You’ve made a critical decision for your company: It’s time to hire a social media marketer. Or is it that time? I ask because it’s important to know the answer before you post the job. How do you know whether to hire or not?
I have suggestions. Based on my experience of being hired as a social media marketer and from doing the hiring, here are tips on when it’s time to hire.
3 Tips for Hiring (or Not)
- Evaluate your team. What does your company or team look like? Are you a company of one? Is there already a marketing specialist on board? If you’re a team of one and your social media presence takes up 50 percent of your day, a social media marketing hire might be a good decision to help you get back to running other parts of your business. If, say, a marketing specialist is handling social media duties, how will a new hire impact that person?
- Analyze the need. Do you have a social media presence? If not, is it because you don’t think there’s a need or, alternatively, because no one has done it yet? If you have an established presence, but you don’t see much activity, maybe it’s best to focus on another area of marketing at this time.
If you don’t have much activity, it’s important to ask why. Is your industry not social friendly, or have you not found the right voice or the right audience? If you’re unsure, it might be worth hiring a freelancer to do an audit for you. He can tell you if you’re missing an opportunity or if social media is not worth pursuing (which is unlikely).
- Access future responsibilities. Is social media marketing a full-time job at your company? If not, is it a part-time or contractor role? Are there other functions this role can perform, such as advertising and content writing? Very few roles are hired to do singular duties, especially at smaller companies.
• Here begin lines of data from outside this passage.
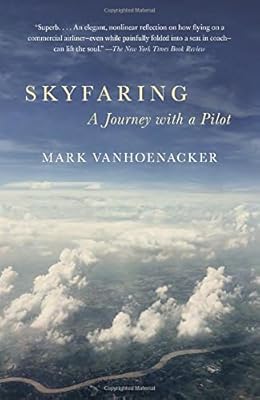 Skyfaring: A Journey with a Pilot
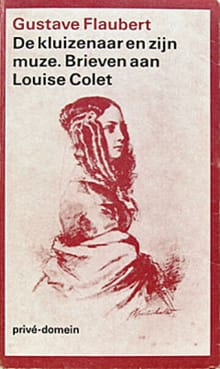 De kluizenaar en zijn muze -  Flaubert, Gustave Flaubert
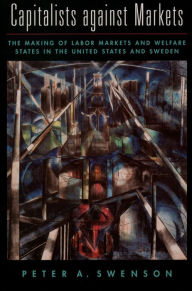 Title: Capitalists against Markets: The Making of Labor Markets and Welfare States in the United States and Sweden, Author: Peter A. Swenson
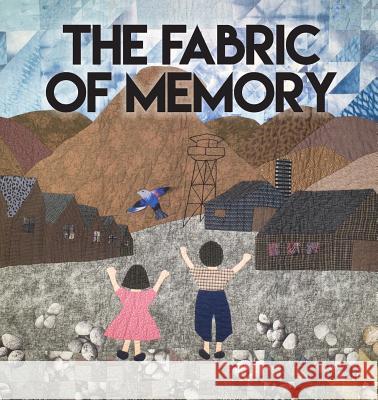 The Fabric of Memory Heart Mountain Wyoming Foundation 9780997863208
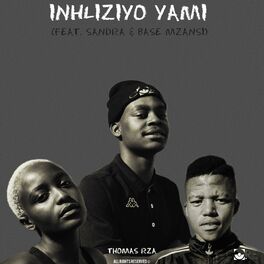 Album cover of Inhliziyo yami (feat. Sandra & Base mzansi)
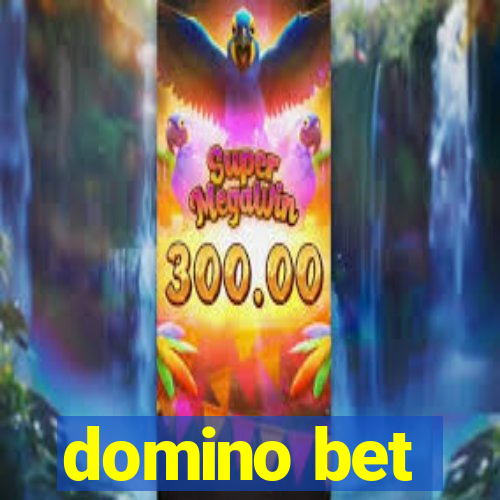 domino bet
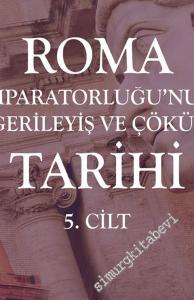 Roma İmparatorluğu'nun Gerileyiş ve Çöküş Tarihi Cilt 5 -        2020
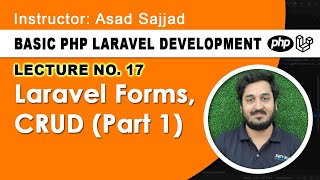 Lecture 17 (Part 1): Laravel Forms, CRUD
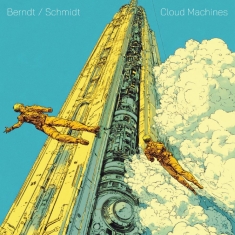 Schmidt Martin & John Berndt - Cloud Machines (Indie Exclusive, Eg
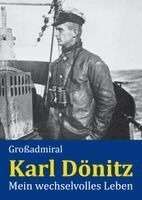Karl Dönitz - Mein wechselvolles Leben, Inbunden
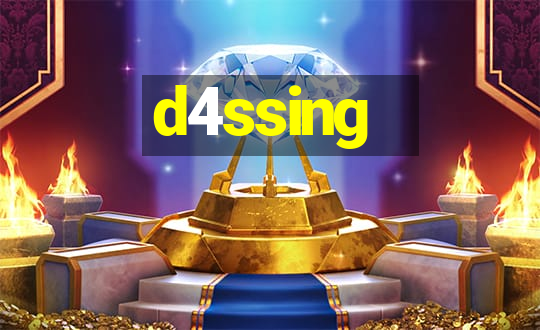 d4ssing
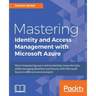 Mastering Identity and Access Management with Microsoft Azure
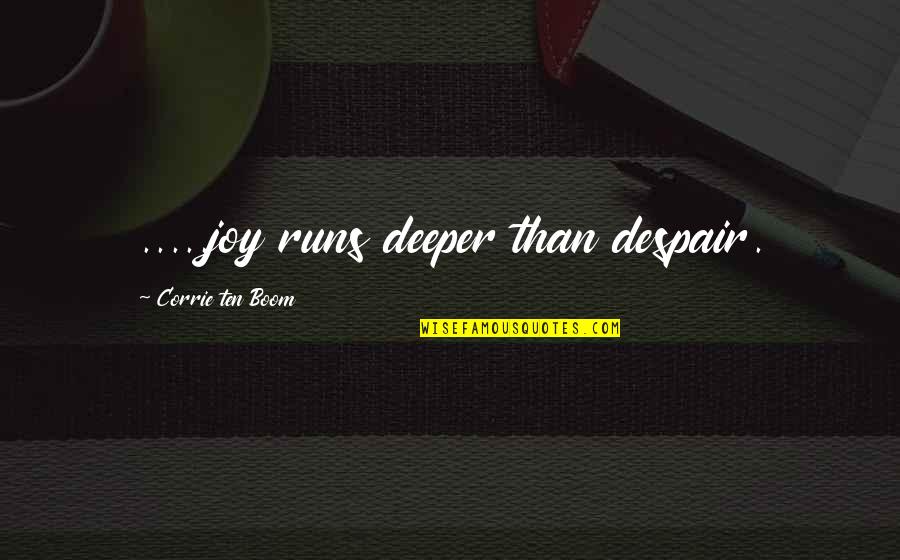 Corrie Quotes By Corrie Ten Boom: .....joy runs deeper than despair.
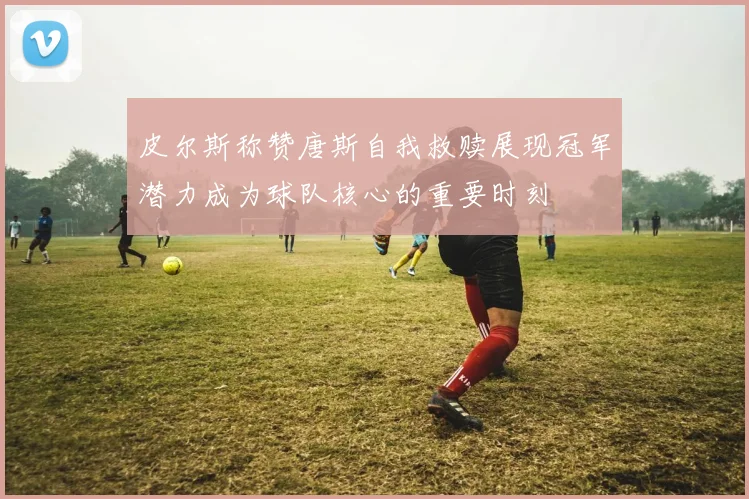 皮尔斯称赞唐斯自我救赎展现冠军潜力成为球队核心的重要时刻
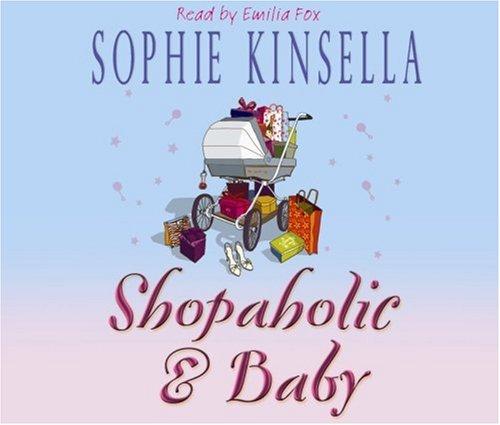 Shopaholic & Baby: (Shopaholic Book 5)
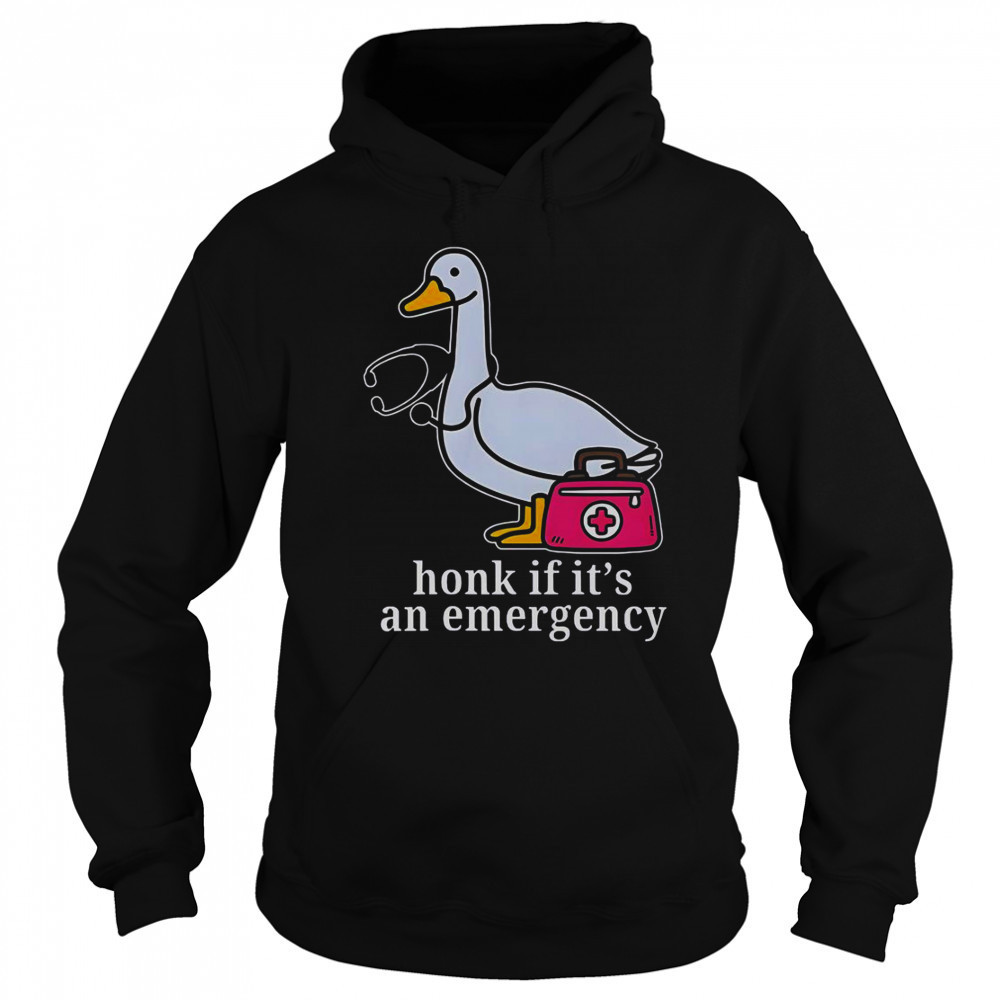 Goose Nurse Honk If It’s An Emergency T-Shirt Sweatshirt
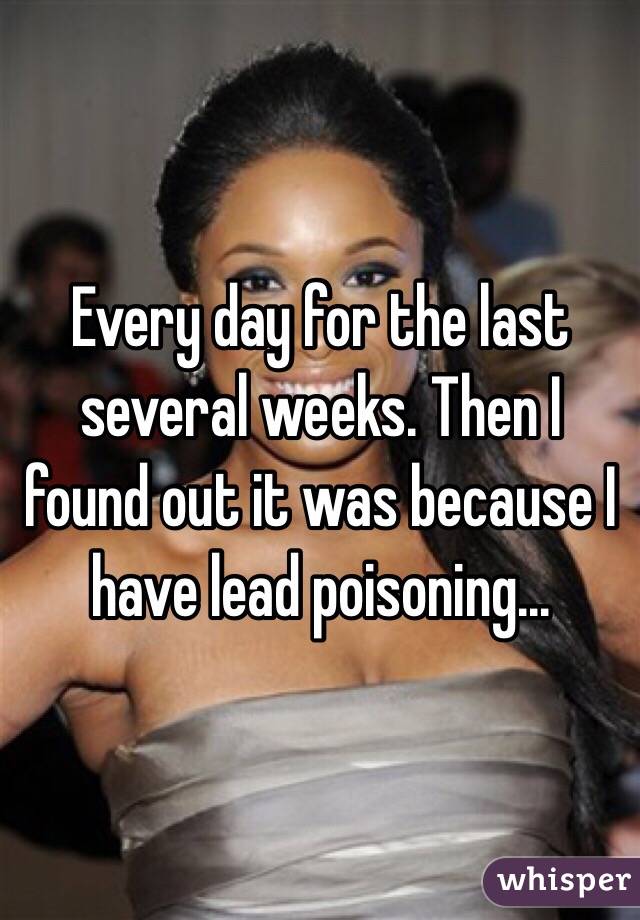Every day for the last several weeks. Then I found out it was because I have lead poisoning... 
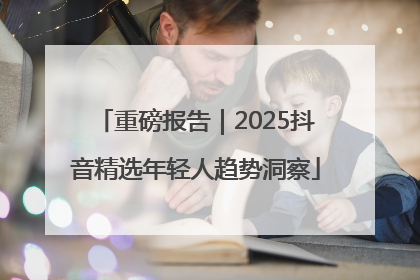 重磅报告|2025抖音精选年轻人趋势洞察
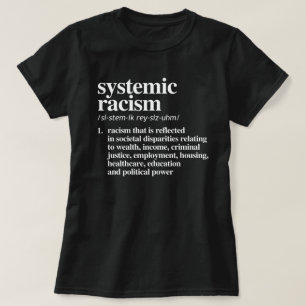 Camiseta Definição de Racismo Sistêmico
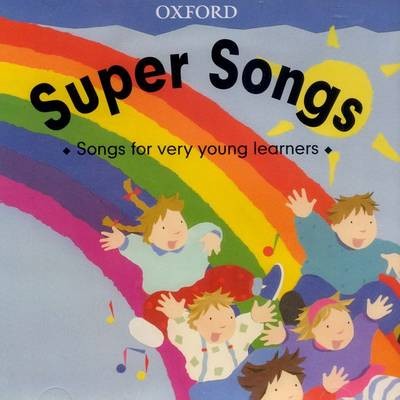 Super Songs by Oxford University Press CD Audio, 2003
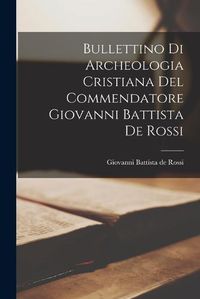 Cover image for Bullettino di Archeologia Cristiana del Commendatore Giovanni Battista de Rossi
When I’ve hired social media coordinators, they have always been strong on content; they become the voice of the brand. Depending on the company size, I’ve divided the role in three ways: paid, organic, or both. Generally, if I’m hiring for a performance marketer, she is executing on a brand that has already been created by an organic marketer. In my experience, only in very small companies should the performance marketing roles be merged.
Voice of the Brand
If it’s a full-time hire, you want that person to be around for the long haul. He has to enjoy what he does and have enough to do. Remember, the person that will control your social media and your content will control your brand’s voice, which is critical. Hire whom will best represent your brand — if you decide to hire.